Each connector is paired with a sibling add-on in your project. When you pick, for example, the Postgres CDC source and point it at one of your PostgreSQL add-ons, StackBlaze auto-fills the host, port, database, and credentials from that add-on. The S3 sink auto-fills the endpoint and access keys from a paired RustFS add-on. You only provide the connector-specific fields: the topic prefix or topic list, and which tables or collections to include. A test step validates the connection before the connector is created.

Lazy provisioning

The first connector you create brings up a Kafka Connect runtime for the cluster automatically.
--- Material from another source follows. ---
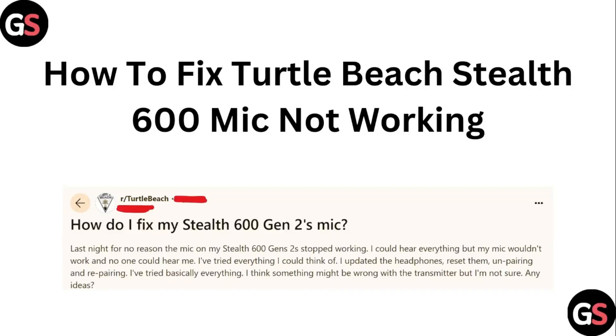Hello guys, welcome to another video in which we will be discussing how to fix the Turtle Beach Stealth 600 mic not working. Are you having trouble with your Turtle Beach Stealth 600 mic not working? Don't worry — in this video, we'll help you find a solution for it. Just follow these easy steps.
You do not provision or size a Connect cluster yourself, and there is nothing to deploy: the connector plugins (Debezium, JDBC, S3, MongoDB, ClickHouse) are already baked into the image.
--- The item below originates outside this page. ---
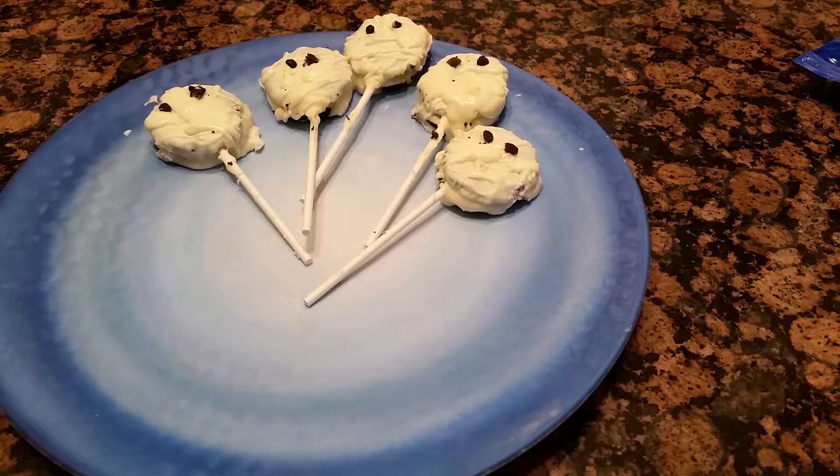Hi everyone, ColorfulMind1. Welcome back to my channel. And as you can see by the title, yes, we are crafting in the kitchen.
A common pattern is change data capture: a Debezium source streams every change from your Postgres add-on into topics, and a sink fans those records out to analytics (ClickHouse), to a search index, or to object storage for archival, all from the same stream.

Topics, consumer groups, and message inspection

The Kafka add-on page is a full management console, so you rarely need a separate desktop tool.

AreaWhat you can do
TopicsCreate, delete, and describe topics; set partitions and replication factor; view per-partition offsets and message counts
Consumer groupsList groups and inspect per-partition lag, offsets, and members to see how far behind your consumers are
MessagesPeek messages from the earliest or latest offset on a chosen partition, with key, value, and timestamp, like a built-in viewer
TopologyA live flow diagram of brokers, topics, consumer groups, and connectors, with lag and connector state

Metrics and monitoring

Broker and connector metrics are exported from JMX to Prometheus automatically. You get broker health, per-topic message and partition counts, and per-partition consumer lag, plus connector throughput and error rates for both source and sink tasks. Lag and failed connector tasks surface directly on the topology view so problems are easy to spot.

Security

Traffic inside your project uses the private network. A TLS listener is available on port 9093, and the Strimzi user operator manages SCRAM credentials for authenticated clients. You can also drive topics and messages from the chat assistant, which talks to your cluster over an authenticated connection.

Backups and retention

Kafka retains messages on disk per each topic's retention settings, so consumers can replay history within that window. The persistent volumes backing the brokers follow the standard platform backup policy. For schedules and restores, see /docs/databases/backups.

Under the hood

StackBlaze runs Kafka via the Strimzi operator in KRaft mode (no ZooKeeper), with each broker acting as a combined controller and broker. Brokers run as a StatefulSet with a persistent volume each, and HA spreads them across nodes. Kafka Connect runs from a pre-baked image that already contains the Debezium, JDBC, S3, MongoDB, and ClickHouse connector plugins, so connectors start without any plugin installation.